Re: Data & Task distribution among the available Nodes

2023-06-30 Thread Shammon FY
Hi Mahmoud,

For the third quest, currently flink uses Fine-Grained Resource Management
to choose a TM for tasks, you can refer to the doc [1] for more information.


[1]
https://nightlies.apache.org/flink/flink-docs-master/docs/deployment/finegrained_resource/

Best,
Shammon FY


On Thu, Jun 29, 2023 at 4:17 PM Martijn Visser 
wrote:

> Hi Mahmoud,
>
> While it's not an answer to your questions, I do want to point out
> that the DataSet API is deprecated and will be removed in a future
> version of Flink. I would recommend moving to either the Table API or
> the DataStream API.
>
> Best regards,
>
> Martijn
>
> On Thu, Jun 22, 2023 at 6:14 PM Mahmoud Awad 
> wrote:
> >
> > Hello everyone,
> >
> > I am trying to understand the mechanism by which Flink distributed the
> data and the tasks among the nodes/task managers in the cluster, assuming
> all TMs have equal resources. I am using the DataSet API on my own machine.
> > I will try to address the issue with the following questions :
> >
> > -When we  firstly read the data from the source(Text,CSV..etc.), How
> does Flink ensures the fairly distribution of data from the source to the
> next subtask ?
> >
> > -Are there any preferences by which Flink will prefer a task manager on
> the other(assuming all task managers have equal resources) ?
> >
> > - Based on what, will Flink choose to deploy a specific task in a
> specific task manager ?
> >
> > I hope I was able to explain my point, thank you in advanced.
> >
> > Best regards
> > Mahmoud
> >
> >
> >
> > Gesendet von Mail für Windows
> >
> >
>


Re: Data & Task distribution among the available Nodes

2023-06-29 Thread Martijn Visser
Hi Mahmoud,

While it's not an answer to your questions, I do want to point out
that the DataSet API is deprecated and will be removed in a future
version of Flink. I would recommend moving to either the Table API or
the DataStream API.

Best regards,

Martijn

On Thu, Jun 22, 2023 at 6:14 PM Mahmoud Awad  wrote:
>
> Hello everyone,
>
> I am trying to understand the mechanism by which Flink distributed the data 
> and the tasks among the nodes/task managers in the cluster, assuming all TMs 
> have equal resources. I am using the DataSet API on my own machine.
> I will try to address the issue with the following questions :
>
> -When we  firstly read the data from the source(Text,CSV..etc.), How does 
> Flink ensures the fairly distribution of data from the source to the next 
> subtask ?
>
> -Are there any preferences by which Flink will prefer a task manager on the 
> other(assuming all task managers have equal resources) ?
>
> - Based on what, will Flink choose to deploy a specific task in a specific 
> task manager ?
>
> I hope I was able to explain my point, thank you in advanced.
>
> Best regards
> Mahmoud
>
>
>
> Gesendet von Mail für Windows
>
>


Data & Task distribution among the available Nodes

2023-06-22 Thread Mahmoud Awad
Hello everyone,

I am trying to understand the mechanism by which Flink distributed the data and 
the tasks among the nodes/task managers in the cluster, assuming all TMs have 
equal resources. I am using the DataSet API on my own machine.
I will try to address the issue with the following questions :

-When we  firstly read the data from the source(Text,CSV..etc.), How does Flink 
ensures the fairly distribution of data from the source to the next subtask ?

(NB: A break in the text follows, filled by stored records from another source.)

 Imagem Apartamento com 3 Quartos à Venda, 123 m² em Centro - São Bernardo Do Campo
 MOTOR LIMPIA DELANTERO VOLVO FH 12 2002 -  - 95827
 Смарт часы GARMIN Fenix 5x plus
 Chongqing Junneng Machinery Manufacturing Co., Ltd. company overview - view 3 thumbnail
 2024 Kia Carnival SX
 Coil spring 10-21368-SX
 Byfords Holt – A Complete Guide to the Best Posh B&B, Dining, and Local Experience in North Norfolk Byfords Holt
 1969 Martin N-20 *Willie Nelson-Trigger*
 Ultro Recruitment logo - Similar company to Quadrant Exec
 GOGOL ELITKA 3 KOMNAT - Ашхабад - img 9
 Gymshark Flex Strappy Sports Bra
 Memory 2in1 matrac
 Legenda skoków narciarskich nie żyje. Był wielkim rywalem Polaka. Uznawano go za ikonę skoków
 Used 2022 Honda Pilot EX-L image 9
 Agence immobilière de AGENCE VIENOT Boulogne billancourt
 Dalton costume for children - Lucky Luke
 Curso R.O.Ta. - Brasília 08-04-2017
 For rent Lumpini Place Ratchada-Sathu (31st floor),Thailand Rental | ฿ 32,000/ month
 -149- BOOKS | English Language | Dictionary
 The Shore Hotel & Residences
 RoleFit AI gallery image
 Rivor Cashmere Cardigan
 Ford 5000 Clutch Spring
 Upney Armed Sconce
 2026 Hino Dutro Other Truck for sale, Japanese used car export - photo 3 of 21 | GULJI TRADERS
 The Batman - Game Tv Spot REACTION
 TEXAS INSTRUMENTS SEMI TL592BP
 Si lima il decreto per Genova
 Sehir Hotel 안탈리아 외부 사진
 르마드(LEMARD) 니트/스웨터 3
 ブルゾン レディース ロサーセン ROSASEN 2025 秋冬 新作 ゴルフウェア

-Are there any preferences by which Flink will prefer a task manager on the 
other(assuming all task managers have equal resources) ?

- Based on what, will Flink choose to deploy a specific task in a specific task 
manager ?

I hope I was able to explain my point, thank you in advanced.

Best regards
Mahmoud


Gesendet von Mail für Windows